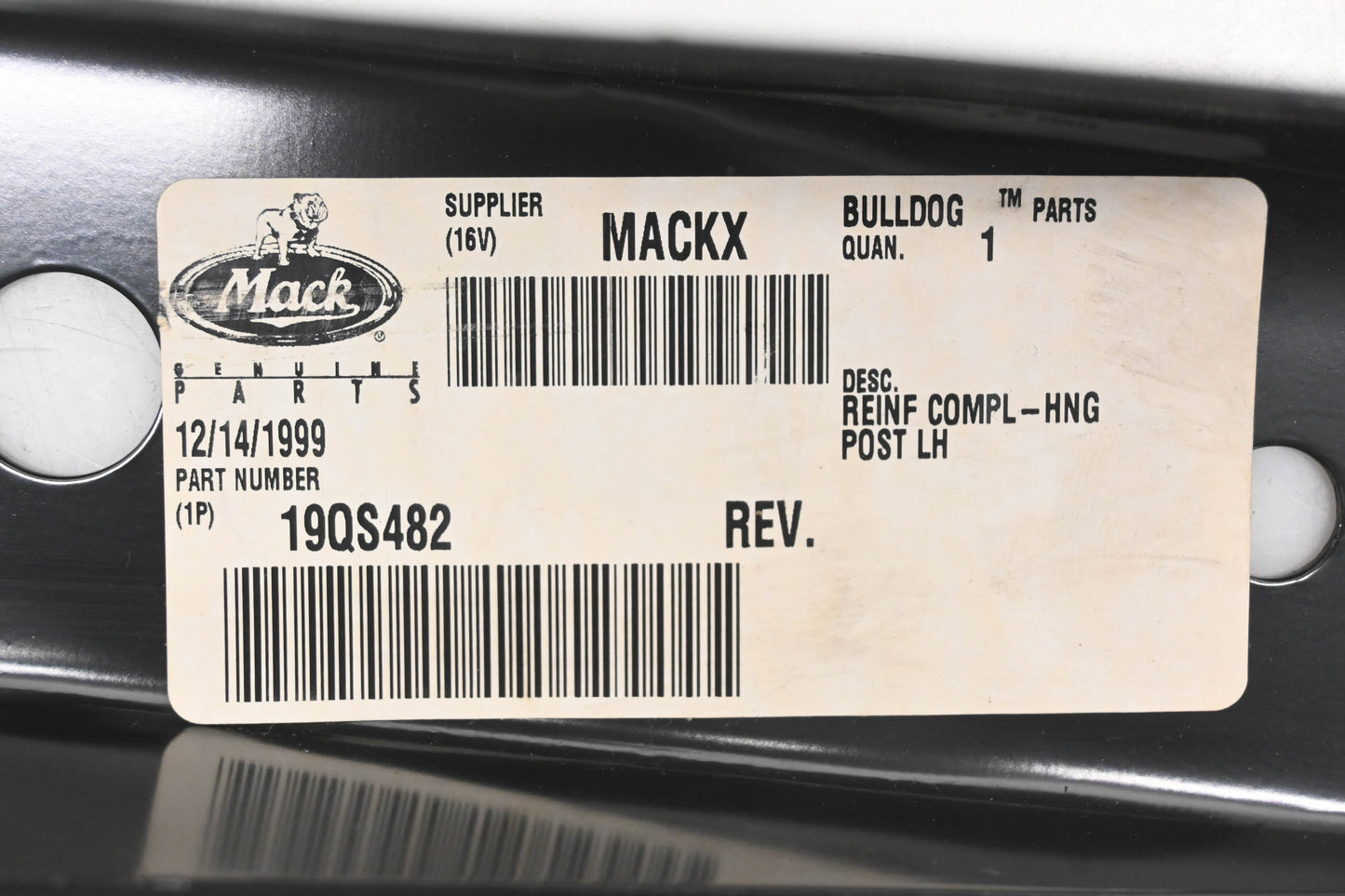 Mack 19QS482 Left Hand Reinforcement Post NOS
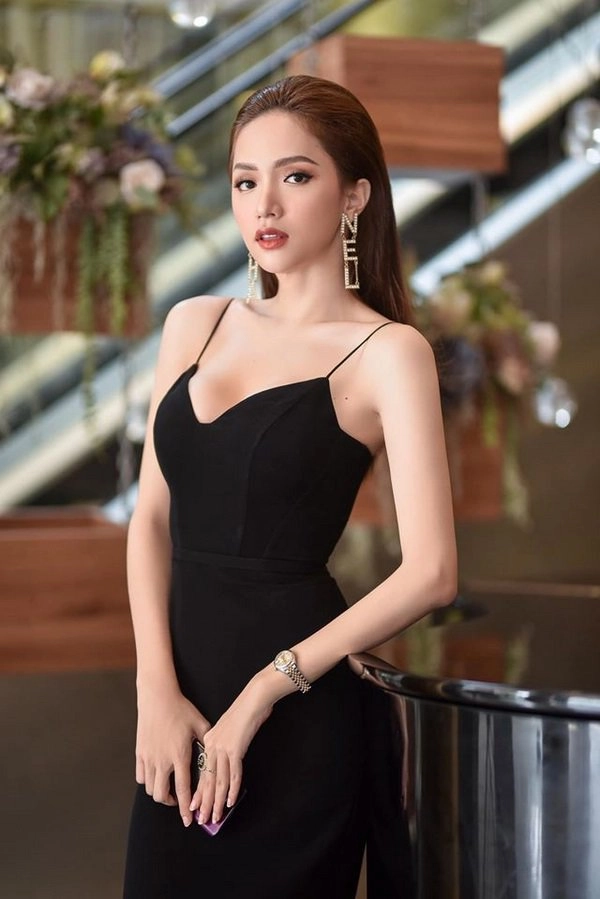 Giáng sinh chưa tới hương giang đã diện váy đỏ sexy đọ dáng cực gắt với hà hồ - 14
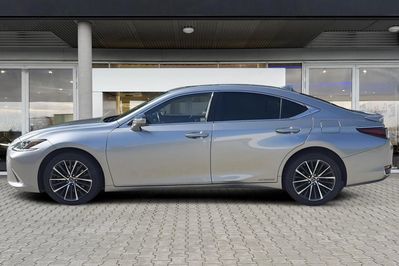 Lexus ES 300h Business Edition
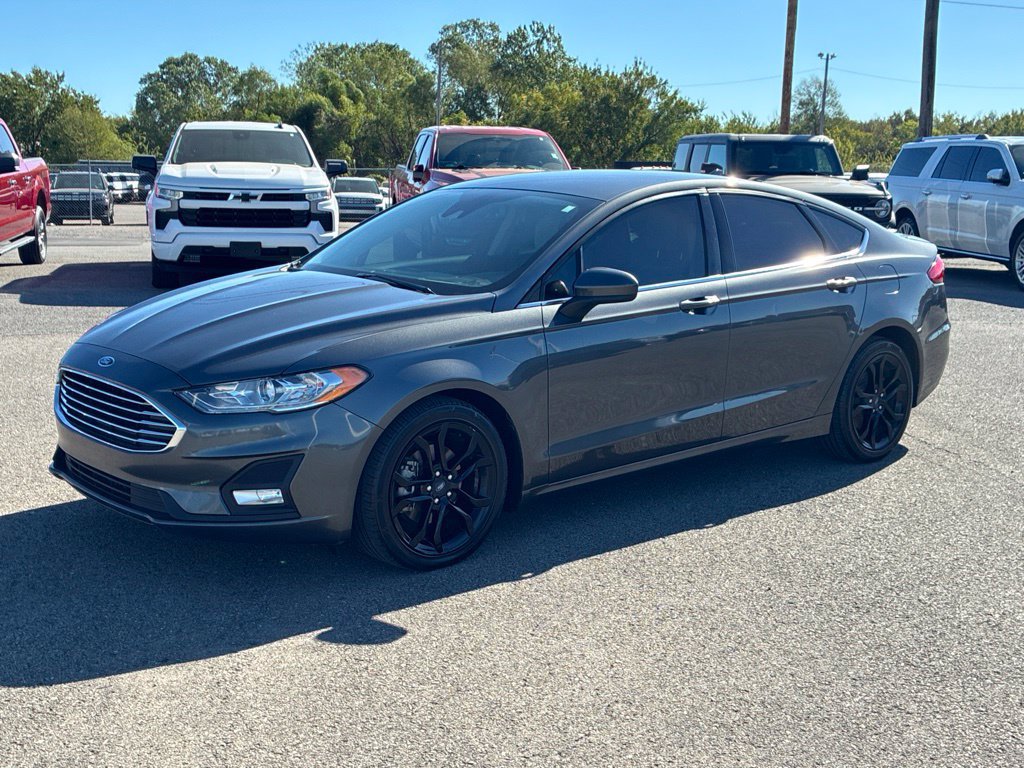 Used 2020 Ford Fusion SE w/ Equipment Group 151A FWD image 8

..............................

## Exercise goal
Print exactly the lines from the line with "Lexus ES 300h Business Edition" through the end of the data, both ends included, and print no pictures.

## Exercise response
 Lexus ES 300h Business Edition
 Used 2020 Ford Fusion SE w/ Equipment Group 151A FWD image 8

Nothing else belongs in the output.